**WHAT NEEDS TO BE DONE**
Whatever lies between the line with "A SMALL 9CT GOLD SIGNET RING APPROX 0.9G" and the end of the data, both included, must be copied exactly and without pictures.

**DATA EXCERPT**
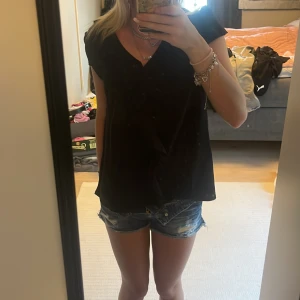 svart blus  - Säljer en svart blus från shein i storlek XS. jätte fin o ha till vardag eller fest. passar till allt💕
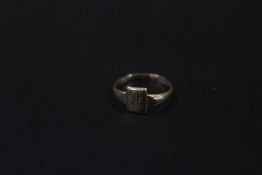 A SMALL 9CT GOLD SIGNET RING APPROX 0.9G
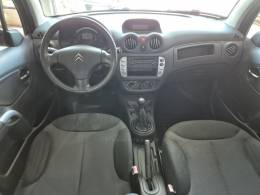 CITROËN - C3 - 2010/2011 - Verde - R$ 28.000,00
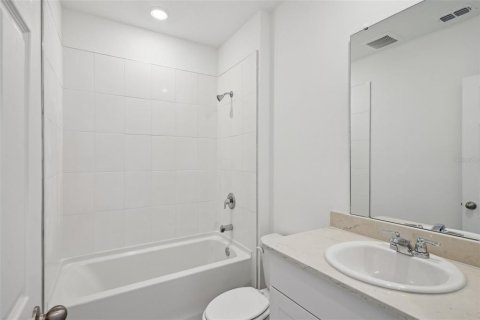 Villa ou maison à vendre à Poinciana, Floride: 4 chambres, 184.69 m2 № 1767863 - photo 24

**OUTPUT**
 A SMALL 9CT GOLD SIGNET RING APPROX 0.9G
 CITROËN - C3 - 2010/2011 - Verde - R$ 28.000,00
 Villa ou maison à vendre à Poinciana, Floride: 4 chambres, 184.69 m2 № 1767863 - photo 24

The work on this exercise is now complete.